::: Data for analysis :::

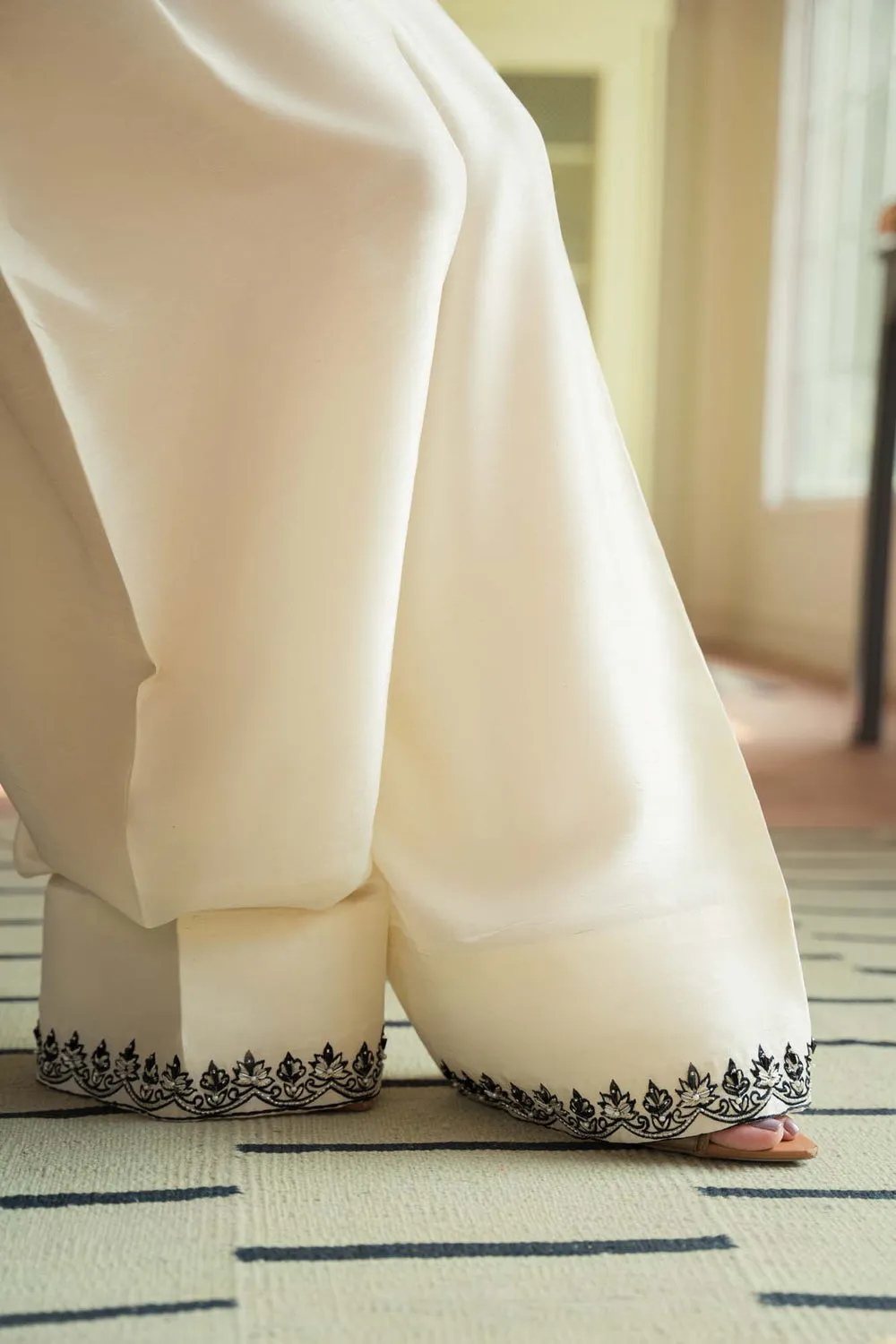 4️⃣ Embroidered Sheesha Silk Suit – Luxury 3-Piece Outfit with Glossy Silk Fabric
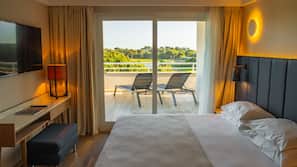 Minibar, in-room safe, desk, blackout curtains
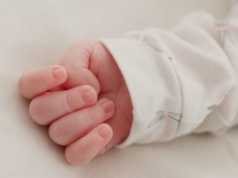 Znaleźli noworodka ukrytego w szafce. Wstrząsające sceny w Mławie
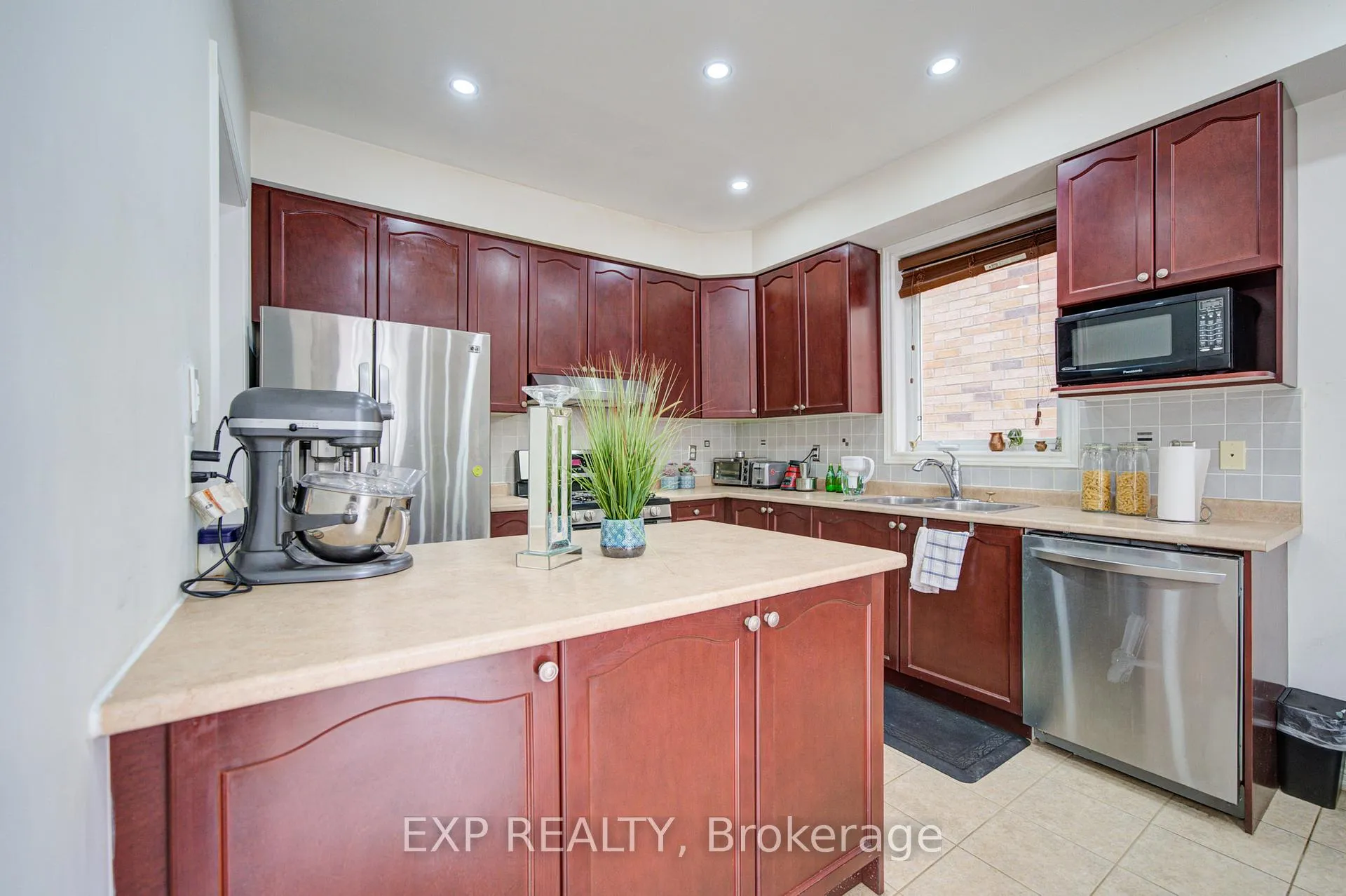 Photo 13 of 20 Everett Street, Markham, Wismer — HOMEH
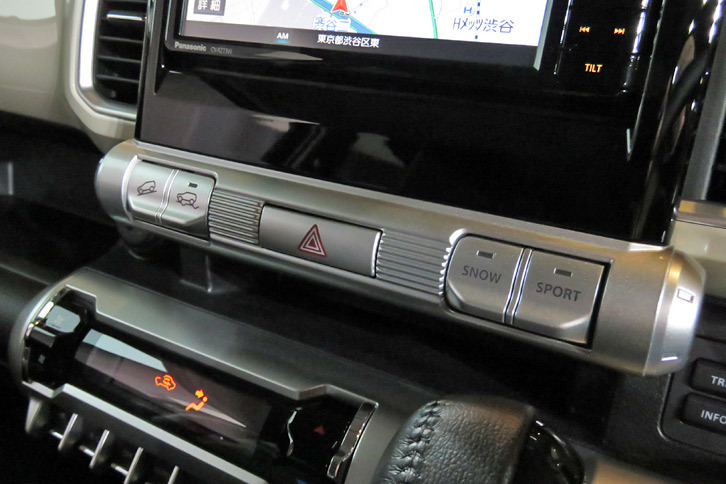 4WD車には走行モード切り替え機構が装備される。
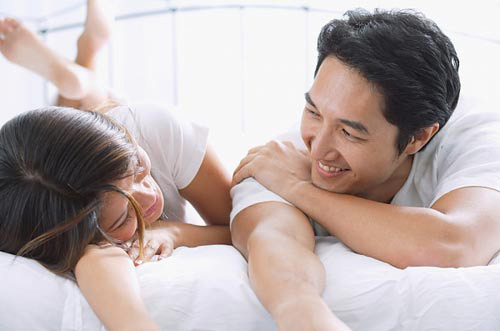 Đ&agrave;n &ocirc;ng bị yếu sinh l&yacute; sử dụng mật nh&acirc;n đ&uacute;ng c&aacute;ch sẽ gi&uacute;p tăng cường ham muốn t&igrave;nh dục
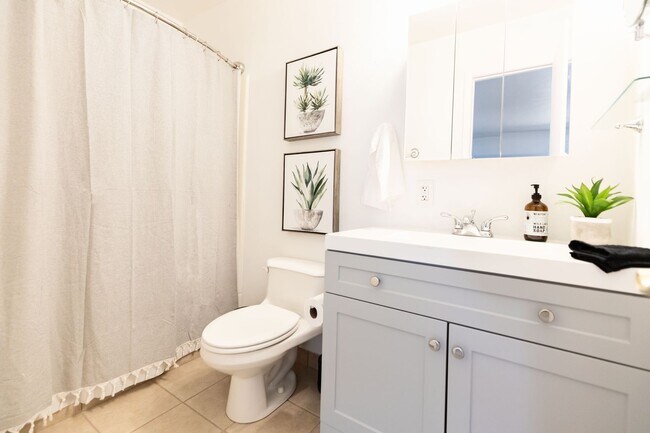 Building Photo - Tempe Beauty! 2199 Sq Ft 4 bedroom 2 bath ...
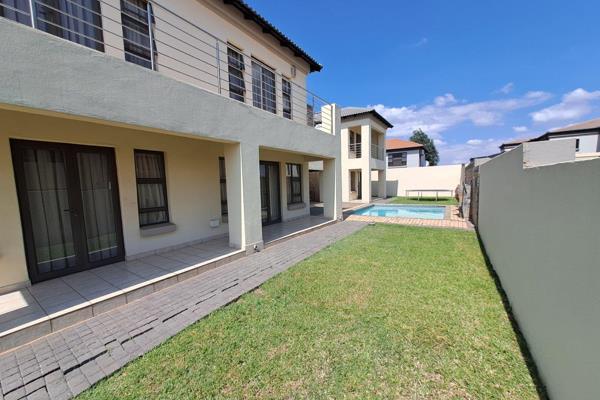 Zambezi Country Estate beautiful ultra modern 4 bedroom house with a study, modern kitchen and Scullery, 3 bathrooms and also a Guest ...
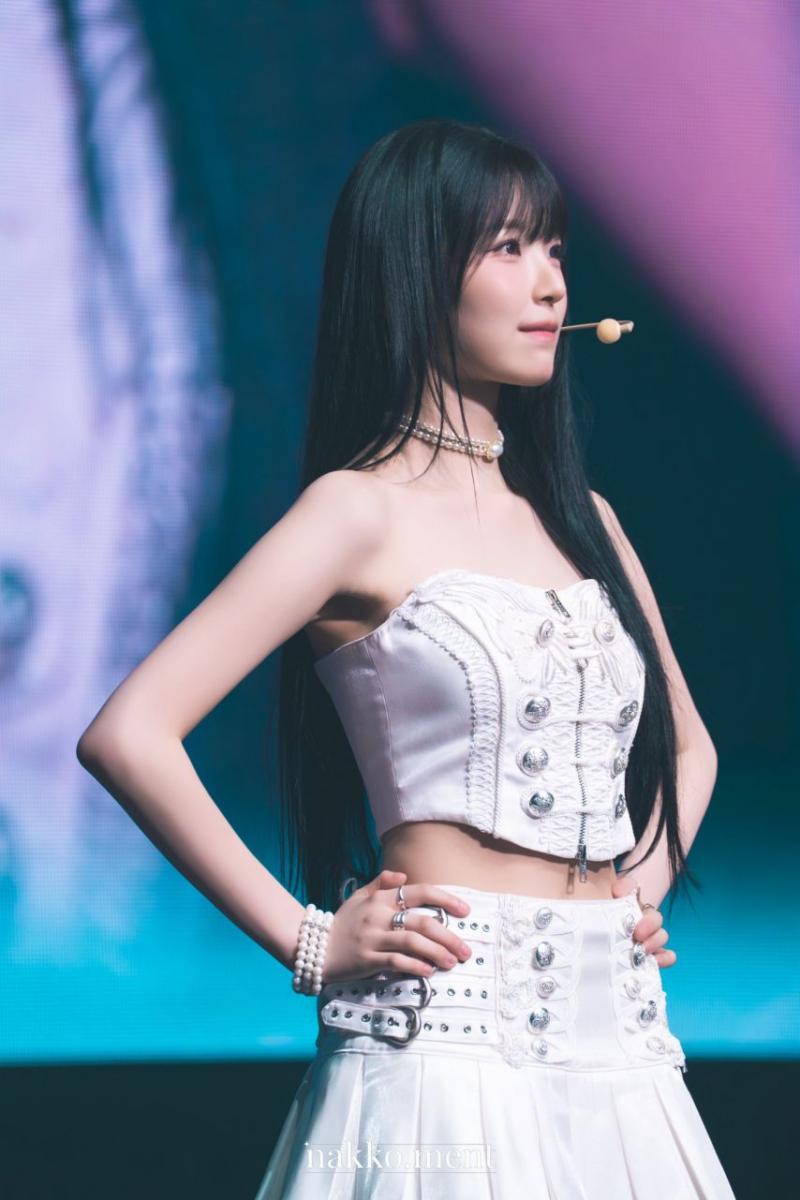 프로미스나인 백지헌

:::

:: Task statement ::
In your reply, please print exactly the lines from the one with "Building Photo - Tempe" through the final line of the listing above, both included, and no pictures.

:: Exercise solution ::
 Building Photo - Tempe Beauty! 2199 Sq Ft 4 bedroom 2 bath ...
 Zambezi Country Estate beautiful ultra modern 4 bedroom house with a study, modern kitchen and Scullery, 3 bathrooms and also a Guest ...
 프로미스나인 백지헌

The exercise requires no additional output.